Die EU-Staaten beschlossen auf dem Gipfel, mehr Geld in die Erforschung eines Impfstoffes zu stecken. Merkel würdigte, dass die Kommission sehr schnell Beihilfen für angeschlagene Firmen gebilligt habe und nun die Beschaffung von Schutzausrüstung organisiere, was gerade für die kleinen EU-Staaten wichtig sei. Auch die Rückholaktionen von EU-Bürgern würde europaweit gesteuert. Die gegenseitige Solidarität nehme zu.

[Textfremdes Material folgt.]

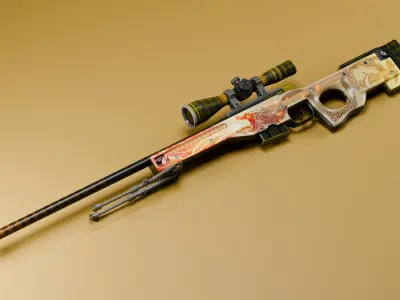 Sparkles Number 1 AWP Dragon Lore 00001111 3D model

In der Frage der Finanzhilfen blieb Merkel, die aus der häuslichen Quarantäne an der Videoschalte teilnahm, aber hart. "Ich glaube, dass wir mit dem ESM ein Kriseninstrument haben, das uns viele Möglichkeiten eröffnet, die nicht die Grundprinzipien unsers gemeinsamen und jeweils verantwortlichen Handels infrage stellt", sagte mit Blick auf die deutsche Ablehnung konditionsloser Finanzhilfen in der Eurozone. Ähnlich äußerte sich der niederländische Ministerpräsident Mark Rutte. Der ESM dürfe zudem nur letztes Mittel der Hilfe sein, sagte er. Zuvor hatte vor allem der italienische Regierungschef Giuseppe Conte in der Videoschalte darauf beharrt, dass die EU schnell neue Wege zur Finanzierung angeschlagener Staaten finden müsse. Der Grünen-Europapolitiker Rasmus Andresen kritisierte die fehlende Einigung. "Ein Vertagen lässt uns wichtige Zeit verlieren", sagte er. Deutschland stürze die EU zusammen mit "anderen reichen EU-Staaten" in eine Krise.
G20 LEGEN BEKENNTNIS ZUM FREIHANDEL AB
Zuvor hatten sich bereits die 20 wichtigsten Industriestaaten in einer Videoschalte ein gemeinsames Vorgehen gegen Corona-Krise beschlossen. "Wir bekennen uns nachdrücklich dazu, dieser gemeinsamen Bedrohung geeint entgegenzutreten", heißt es in der Abschlusserklärung nach einer Videoschalte, an der neben Merkel etwa auch US-Präsident Donald Trump sowie sein chinesischer Kollege Xi Jinping teilnahmen.
Die G20 bekennen sich angesichts der dramatischen Lage zu einem gemeinsamen Vorgehen, was angesichts der bisherigen "America-first"-Politik von Trump und der amerikanisch-chinesischen Rivalität als Kehrtwende gilt. Die Weltgesundheitsorganisation (WHO), der Internationale Währungsfonds (IWF), die Weltbank und die UN sowie andere internationale Organisationen sollten "alle erforderlichen Schritte" unternehmen, um die Pandemie zu überwinden. "Wir sind entschlossen, weder einzeln noch gemeinsam Mühen zu scheuen", heißt es in der Erklärung.
Zudem werden die "außergewöhnlichen" Stützungsaktionen der Notenbanken weltweit von den G20 ausdrücklich begrüßt. Es sei gemeinsame Aufgabe, Leben zu schützen, Arbeitsplätze und Einkünfte der Menschen zu sichern, finanzielle Stabilität zu bewahren und Wachstum neu zu beleben. Dafür setzen die G20-Staaten fünf Billionen Dollar ein. Störungen im Handel und in globalen Versorgungsketten sollten so gering wie möglich gehalten werden. EU-Diplomaten hatten schon vor Tagen vor einem Stimmungsumschwung etwa in der US-Regierung gesprochen, weil das Ausmaß der Corona-Krise immer größer wird. Merkel erklärte den Meinungswandel in der USA damit, dass alle erkannt hätten, dass kein Land verschont bleibe.